William Moulton Marston, the creator of Wonder Woman, was the only person to come up with a female superhero who stood the test of time. One of the co-creators of the polygraph test, and a PhD in psychology, Marston lived in Rye, New York, with his wife Elizabeth Holloway Marston and mistress Olive Byrne. He fathered children with both, a fact that all three kept hidden. In addition to being his former graduate student, Byrne was also the niece of birth control activist Margaret Sanger. On top of polyamory, the thrupple practiced an idealized feminism wherein the woman was reimagined as a purer, more fully realized counterpart to her male brethren. Add a little light bondage to the mix, and you got yourself a Saturday night. (For more on this read Jill Lepore’s book “The Secret History of Wonder Woman.”)

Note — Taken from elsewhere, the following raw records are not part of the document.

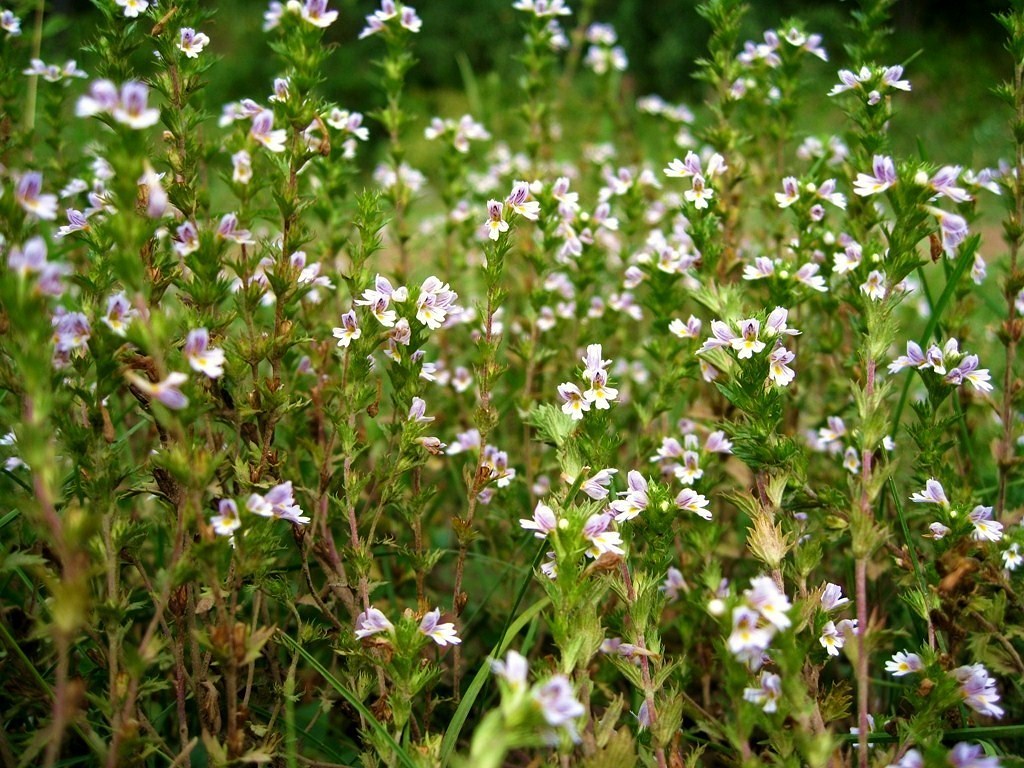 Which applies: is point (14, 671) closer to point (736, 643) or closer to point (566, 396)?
point (566, 396)

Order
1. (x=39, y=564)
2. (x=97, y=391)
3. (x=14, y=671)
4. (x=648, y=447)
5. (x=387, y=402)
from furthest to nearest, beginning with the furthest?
(x=387, y=402) → (x=648, y=447) → (x=14, y=671) → (x=39, y=564) → (x=97, y=391)

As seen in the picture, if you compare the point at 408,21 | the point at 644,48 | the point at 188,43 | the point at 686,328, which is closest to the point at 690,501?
the point at 686,328

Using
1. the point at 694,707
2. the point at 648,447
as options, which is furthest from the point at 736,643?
the point at 648,447

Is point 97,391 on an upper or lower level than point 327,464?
upper

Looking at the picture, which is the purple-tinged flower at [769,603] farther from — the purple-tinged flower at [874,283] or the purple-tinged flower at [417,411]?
the purple-tinged flower at [874,283]

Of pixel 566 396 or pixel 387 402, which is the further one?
pixel 387 402

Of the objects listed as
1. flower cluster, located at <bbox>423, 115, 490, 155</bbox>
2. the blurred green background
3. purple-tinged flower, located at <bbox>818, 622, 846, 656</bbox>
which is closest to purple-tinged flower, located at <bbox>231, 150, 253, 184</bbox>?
flower cluster, located at <bbox>423, 115, 490, 155</bbox>

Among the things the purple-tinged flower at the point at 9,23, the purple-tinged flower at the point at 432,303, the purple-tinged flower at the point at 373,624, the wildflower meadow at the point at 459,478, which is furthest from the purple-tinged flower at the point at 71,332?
the purple-tinged flower at the point at 9,23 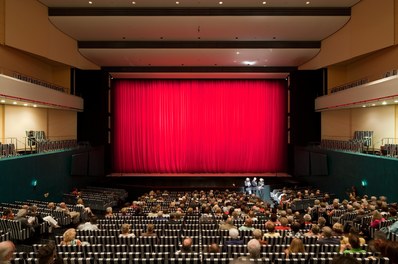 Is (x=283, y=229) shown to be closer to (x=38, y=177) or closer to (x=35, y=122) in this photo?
(x=38, y=177)

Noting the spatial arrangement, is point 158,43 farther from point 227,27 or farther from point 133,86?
point 133,86

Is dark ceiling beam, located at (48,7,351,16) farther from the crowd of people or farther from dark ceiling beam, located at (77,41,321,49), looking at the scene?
the crowd of people

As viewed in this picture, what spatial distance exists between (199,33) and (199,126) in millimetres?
9509

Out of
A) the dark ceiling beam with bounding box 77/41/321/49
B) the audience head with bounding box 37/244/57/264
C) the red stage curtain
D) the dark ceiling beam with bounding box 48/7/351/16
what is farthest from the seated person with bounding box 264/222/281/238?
the red stage curtain

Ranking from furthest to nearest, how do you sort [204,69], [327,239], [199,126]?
[199,126] < [204,69] < [327,239]

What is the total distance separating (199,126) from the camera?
28453 mm

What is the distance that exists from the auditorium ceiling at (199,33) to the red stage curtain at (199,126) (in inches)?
82.3

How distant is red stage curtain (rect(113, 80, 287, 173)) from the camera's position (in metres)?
27.9

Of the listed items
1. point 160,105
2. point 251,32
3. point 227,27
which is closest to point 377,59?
point 251,32

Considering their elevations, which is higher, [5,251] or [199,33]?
[199,33]

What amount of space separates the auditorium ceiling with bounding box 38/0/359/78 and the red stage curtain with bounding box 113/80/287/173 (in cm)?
209

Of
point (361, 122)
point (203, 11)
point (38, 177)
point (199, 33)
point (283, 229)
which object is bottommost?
point (283, 229)

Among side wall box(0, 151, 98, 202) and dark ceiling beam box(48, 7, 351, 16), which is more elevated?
dark ceiling beam box(48, 7, 351, 16)

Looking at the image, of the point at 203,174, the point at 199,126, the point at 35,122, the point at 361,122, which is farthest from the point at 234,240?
the point at 199,126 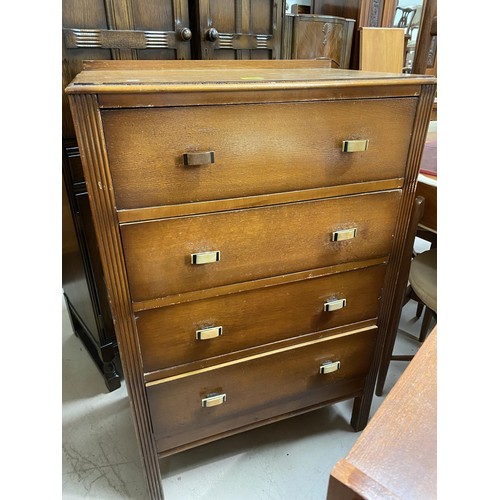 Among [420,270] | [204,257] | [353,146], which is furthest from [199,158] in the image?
[420,270]

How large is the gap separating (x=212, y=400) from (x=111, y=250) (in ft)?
1.66

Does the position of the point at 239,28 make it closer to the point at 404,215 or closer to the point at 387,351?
the point at 404,215

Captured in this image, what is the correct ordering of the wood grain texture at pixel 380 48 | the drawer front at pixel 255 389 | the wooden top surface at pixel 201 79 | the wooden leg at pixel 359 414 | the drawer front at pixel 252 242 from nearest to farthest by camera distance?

If Superheroes have origin stories, it follows that origin stories must have their origin stories too. From this den of polyamory and kinda-sorta female power hatched our leggy heroine, an ageless figure who ports a lasso of truth — the polygraph — and her bracelets, objects that are more defensive than offensive. Additionally, she is a combo of pagan virgin wisdom goddess and pin-up girl. A product of sexless birth, she leaves the all-female perfection of Paradise Island, AKA Themyscira, for the hell-pit of despair that is life among men. Though every civilization requires violence, Wonder Woman seems most likely to want to talk it out rather than fight it out.
The Amazons of legend, such as Wonder Woman’s mother Hippolyta, whose girdle Theseus famously stole, and Hippolyta’s sister Antiope, were warrior-enemies of the Greeks — the platonic form of civilization. An ironic aspect of the Amazon mythos is their reverse-rape narrative wherein their “perfect society” entails their stealing off to ravage men and then abandoning the male offspring in neighboring towns or castrating them. This is likely apocryphal, as is the one-breasted (a-mazos) moniker that was given to them by later Greek historians. IRL, the Amazons were Scythian warriors who practiced archery and rode horses.
Basically, Marston took elements of the Amazon legend and conflated those elements with a Sapphic love vibe and then dropped some good ol’ fashioned superheroism and psychology into the mix. As in Steve Trevor’s plane drops right out of a hole in the sky. In 1942, it may not have been certain how the war was going to go, but the enemy was clear. The only antidote to end German putrefaction: a gentle touch, light bondage and a swift kick in the rear from androgyne Barbie.